YOUR OBJECTIVE -> The result should be the lines from the one holding "view of carpeted bedroom" to the final line of the records below, repeated exactly and with no pictures.

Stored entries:
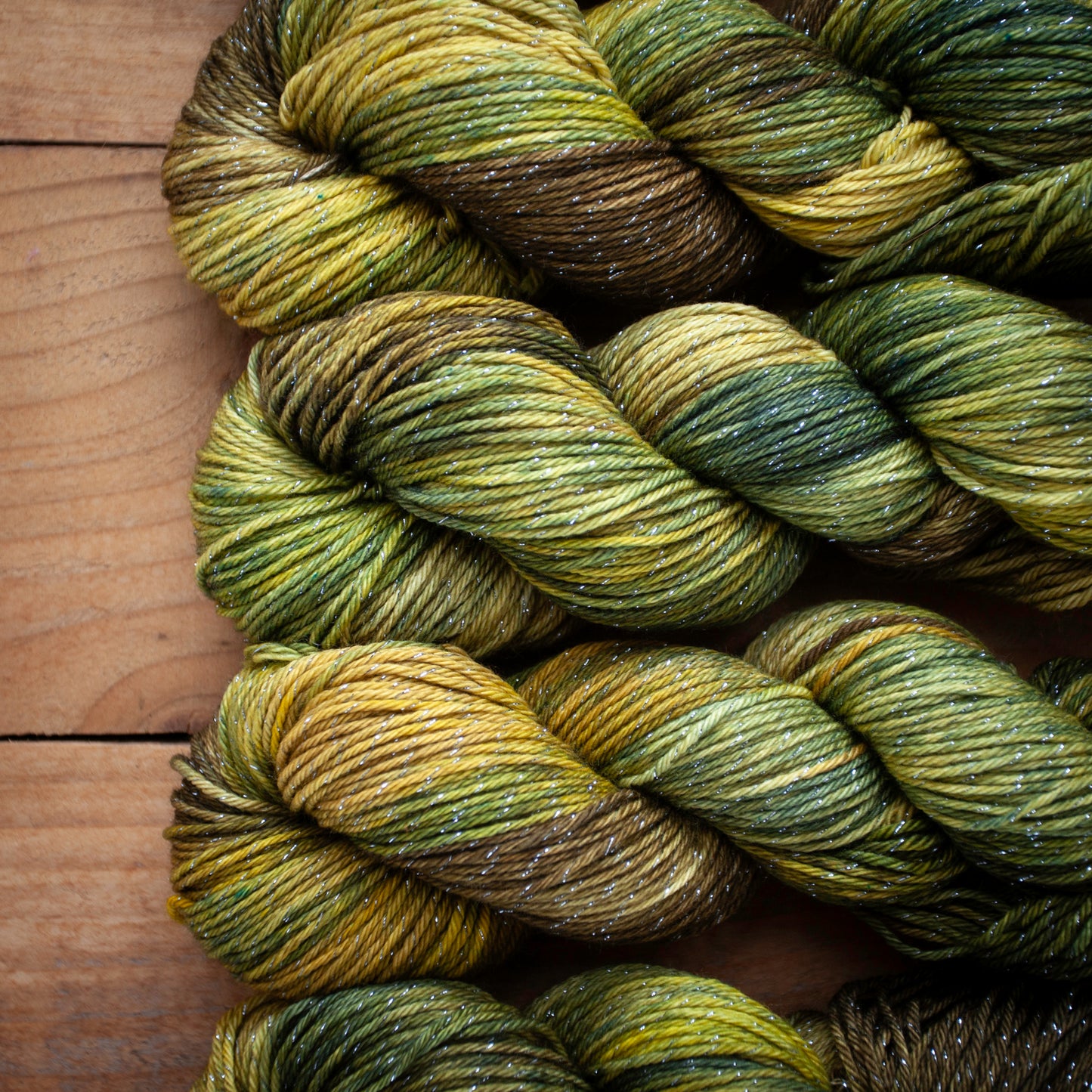 Superwash Merino/Nylon Sparkle - DK weight - hand dyed yarn - Ready to Ship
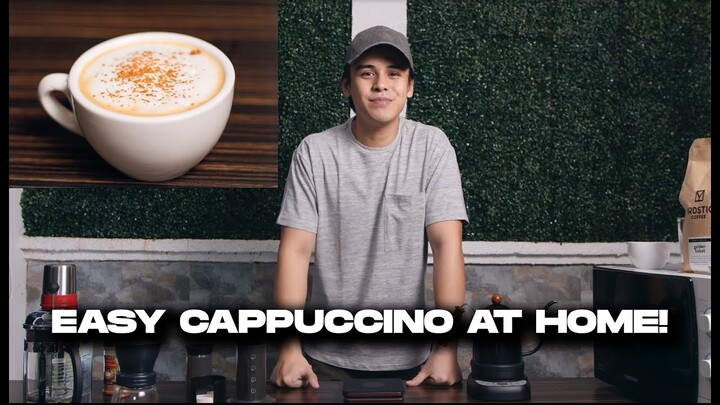 MAKING CAPPUCCINO AT HOME! | Khalil Ramos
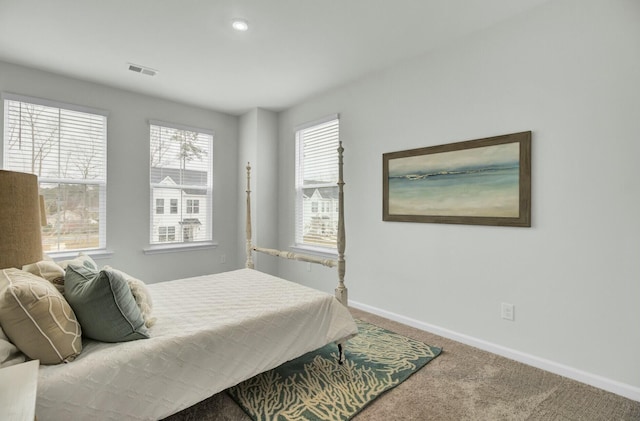 view of carpeted bedroom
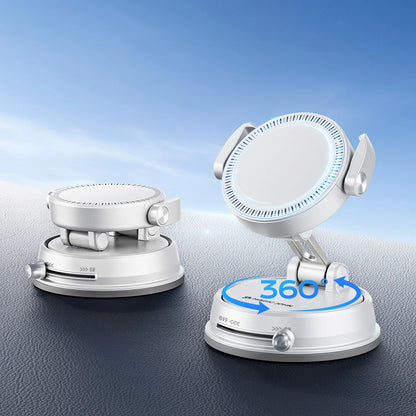 360° Adjustable Clip-On Car Magnetic Phone Holder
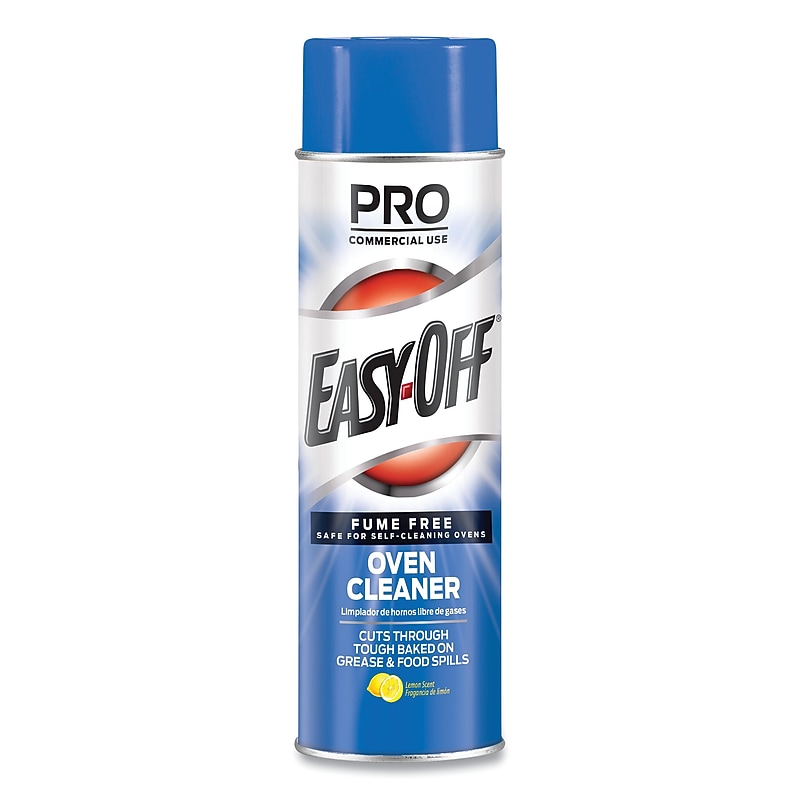 Easy-Off Professional Fume Free Max Oven Cleaner, Foam, Lemon Scent, 24 oz. (RAC85260) image 1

ANSWER TO THIS TASK ->
 view of carpeted bedroom
 360° Adjustable Clip-On Car Magnetic Phone Holder
 Easy-Off Professional Fume Free Max Oven Cleaner, Foam, Lemon Scent, 24 oz. (RAC85260) image 1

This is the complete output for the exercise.